In the past week, stock market returns around the world were varied, to say the least, e.g.,
XJO -0.02%. SP500 +1.31%. European STOXX600 -0.21%. Japanese Nikkei
+1.93%. Not much correlation in those numbers.
STW Daily Chart (STW is an ETF which tracks the XJO)
This week, the ASX has been in consolidation mode. The Chart is sitting right at the Point of Control, the price zone where the most volume has occurred, i.e., the bulls and bears are in balance at that level. So this could go either way.
While the XJO (and STW) remain below the 200-Day MA and the Kumo Cloud, I'll presume that the index has been in a counter trend rally.
Volume has been dropping this week, so there hasn't been enough power to force the Index higher.
Indicators, except for volume based ones, remain bullish, so another upside impulse move could be in the offing if volume picks up.
SP500 Daily
SP500 had a great day on Friday, up +1.56%, completely reversing the Powell inspired drop on Thursday of -0.81%.
That should flow on to Australia on Monday.
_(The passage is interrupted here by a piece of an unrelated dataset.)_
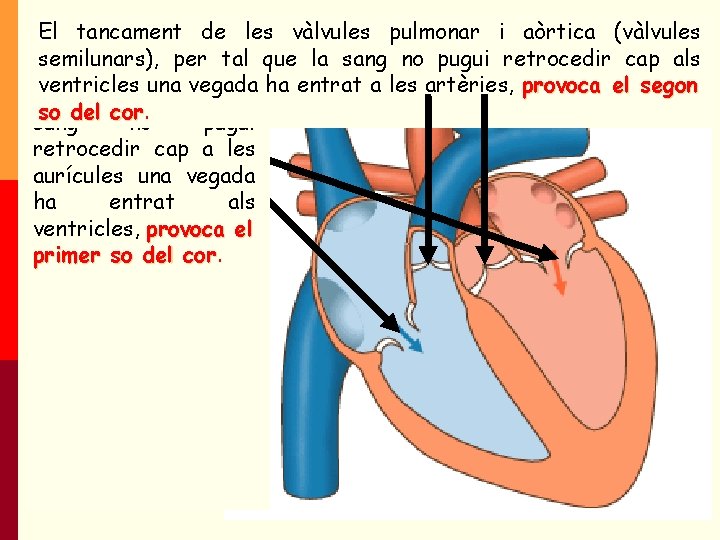 El tancament de les vàlvules pulmonar i aòrtica (vàlvules El tancament de les semilunars), El tancament de les vàlvules pulmonar i aòrtica (vàlvules El tancament de les semilunars),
Friday night Oz Futures were up +0.34.
Before getting too excited about Friday's New York positive move, I'd point out that the Force Index is showing a negative divergence, which suggests the American index may not have to much further to run. It's getting close to the top of its Value Zone and a high volume node on the Volume Profile. The top of the Value Zone often acts as resistance to a stock/index.
Sector Performances - One Month.
It's been a dismal four weeks for most sectors. Only one sector, Health, has shown real strength, up3.45%. The only other sectors on the positive side were Property +0.72% and Discretionary, barely positive at +0.25%.
XJO was down -1.06%. Helping to keep the Index from major falls were Financials flat -0.02% and Materials down modestly, -0.37%. (Materials were affected adversely by big falls in many of the Lithium Miners. BHP, the biggest stock in the sector, was up +0.44%.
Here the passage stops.